CADEIA PRODUTIVA - "O medo da mudança é real. Muita gente deixa de correr riscos, mesmo diante de uma realidade que vai punir quem não mudar os paradigmas, e prefere manter rotinas consagradas, e antigas, que teoricamente estão dando resultado. mas até quando?", indaga Flaviana Aoki, sócia da Formatus Engenharia, uma das palestrantes das rodas de debates promovidas pelo Sebrae na Fipa.
"A mudança é inevitável e inadiável e deve ser colaborativa. O setor tem de pensar na cadeia da construção civil e não apenas em um gomo", adverte o engenheiro civil Sandro Barbosa, coordenador da Amazônia Chapter.  "Ninguém pode mais trabalhar isoladamente", corrobora Márcio Viana, também engenheiro, que dividiu com Sandro uma apresentação dinâmica sobre o enfrentamento dos desafios de pequenas e grandes empresas. 

“A revolução digital está impactando muito outras indústrias porque elas já são uma indústria. O mesmo não podemos dizer da construção civil de hoje, que ainda é apegada a um amontoado de atividades artesanais”, concorda o engenheiro Luiz Henrique Ceotto em recente entrevista ao site Buildin.

A Consultoria McKinsey, a pedido desse mesmo site, listou algumas tendências que poderão, enfim, levar as empresas à Construção 4.0: a  geolocalização de alta definição, para evitar discrepâncias entre as condições reais do solo e o escopo dos projetos; o uso do BIM 5 D, que permite  a integração em meio digital das informações sobre planejamento, custos e cronograma da construção; a internet das coisas, que aproxima o mundo físico do mundo virtual; e a impressão em 3D de sobressalentes.

Os engenheiros atentos à nova era lamentam que o processo de construir ainda seja praticamente todo artesanal, o que o torna dependente, excessivamente, de habilidades humanas. Os edifícios são construídos em canteiros de obras. A Indústria 4.0 permite  produzi-los em fábricas para em seguida montá-los na obra. 

MOLDES EM 5D - A sala sempre lotada do espaço destinado ao Summit Sebrae, na Feira da Indústria, dá uma ideia exata do crescente interesse sobre os impactos da nova revolução na construção civil.

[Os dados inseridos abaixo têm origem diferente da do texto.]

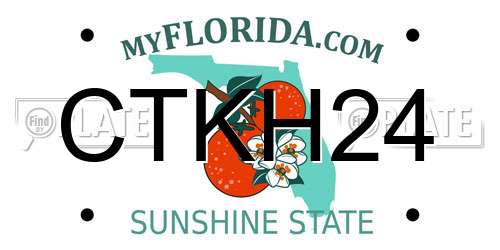 CTKH24 Florida License Plate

Uma das maiores audiências se deu na apresentação da tecnologia BIM, que propõe a modelagem da informação da construção utilizando a tecnologia para fazer moldes em terceira dimensão, muito mais práticos e facilmente interpretáveis, comparados aos desenhos planificados. Alguns especialistas já preveem, no futuro, o BIM em 5D, que além da representação digital, custos e planejamento de etapas da construção, também poderão inserir informações geográficas, acústicas e térmicas de uma obra.

Na mesma sala, neste sábado, a engenheira civil Flaviana Aoki trata de outro tema que ainda amarra ao passado os ambientes da construção civil: a presença da mulher em um ambiente predominantemente frequentado por homens. "Isso está mudando. Mudar a mentalidade na questão do gênero também é fundamental, tanto quanto a tecnologia, para elevar a construção civil a novos patamares de qualidade e competitividade", defende.